There are several limitations in the interpretation of the relationship between mental stress and CV disease. Firstly, the pathophysiological mechanisms linking mental stress to increased risk of CAD are complex and multifactorial, involving several variables, such as activation of brain circuits, the autonomic nervous system, the neuroendocrine and immune systems, conventional CV risk factors, and individual’s past experience. In turn, the resulting hemodynamic and inflammatory changes in their combined effects modulate the brain response to environmental stimuli [19,165]. These interactions may account for the large individual variability in the response to mental stress. This makes excluding confounding factors and identifying the role of mental stress in the development of CV disease difficult.
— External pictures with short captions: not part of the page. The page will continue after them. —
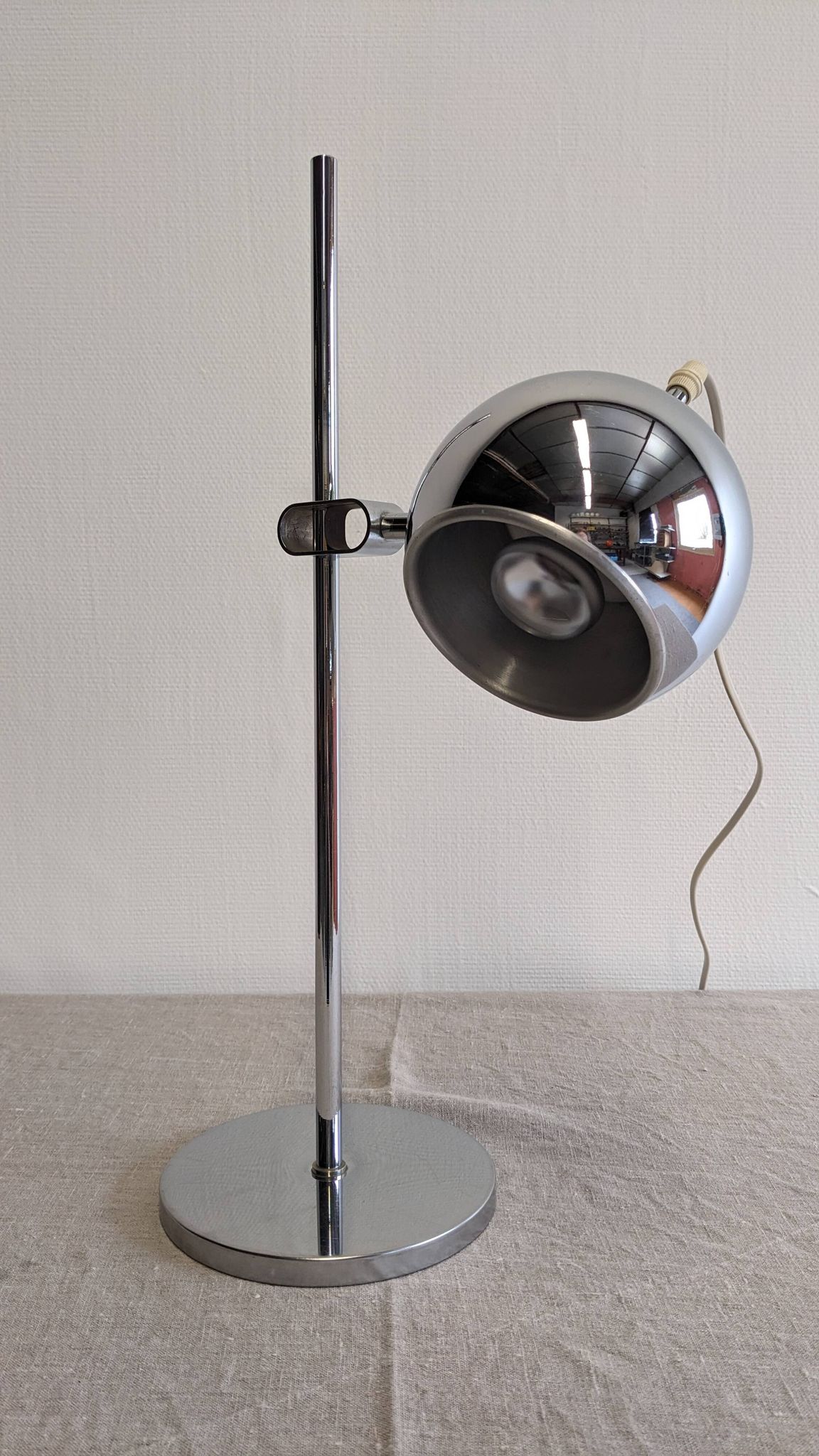 Chrome eye ball lamp, space age, Germany circa 1970.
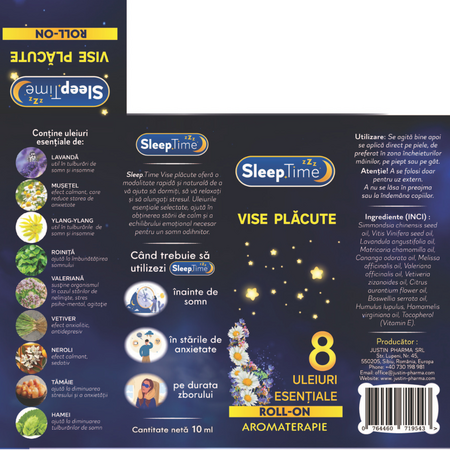 Roll-on aromaterapie Vise placute SleepTime, 10 ml, Justin Pharma 727688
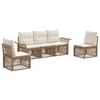 vidaXL Gartensofa-set 5 stk. 5-Sitzer Beige Poly-Rattan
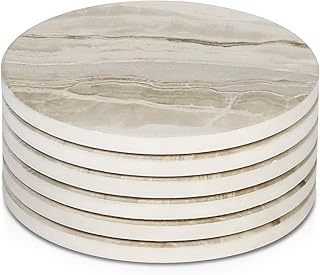 LIFVER Coasters Set of 6, Absorbent Drink Coasters, Marble Style Ceramic Stone Coaster for Drink Tabletop Protection, Modern Coaster Ideal for Home Decor Coffee Table House Warming Gifts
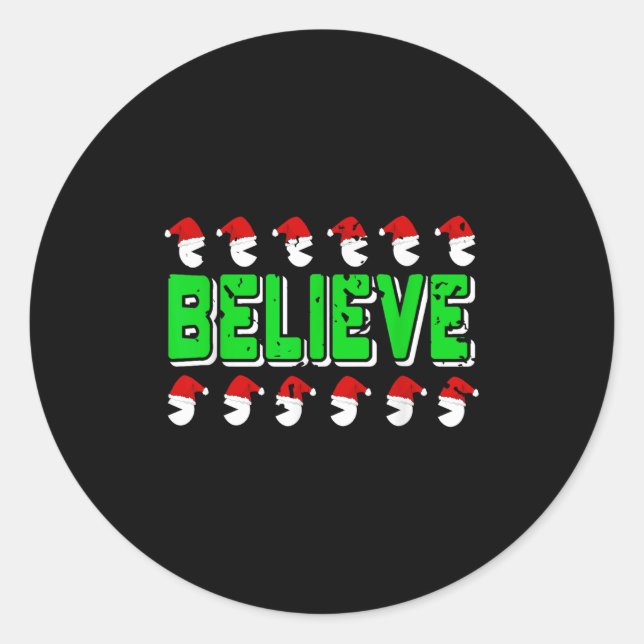 Funny Believe In Santa Christmas Srit Holiday Styl Classic Round Sticker (Front)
Secondly, most available studies are observational and based on patient’s recalling of negative emotions preceding CV events. This method cannot determine whether the association between stress and CV event is causal [3]. Thirdly, there are large methodological and patient characteristic differences between studies [90]. Finally, some hemodynamic and vascular effects of mental stress may occur without symptoms or may develop long after the stressful event. Hence, the causal relationship cannot be precisely ascertained.

7. Conclusions

Over the past four decades, there has been an increasing awareness that mental stress is an important and potentially modifiable risk factor for acute and chronic CV events. Emerging epidemiological and experimental evidence suggest that stress-induced hemodynamic, vascular and inflammatory alterations may interact together and exert an important role in atherosclerosis progression, as well as in acute CV disease triggering, especially in high-risk individuals. However, in clinical practice, the assessment of the impact of mental stress on CAD disease is often missing. Despite current guidelines recognising the importance of mental stress as a CV risk factor, further research with large longitudinal studies is needed to define the prevention and treatment strategies required to reduce the CV effects of mental stress.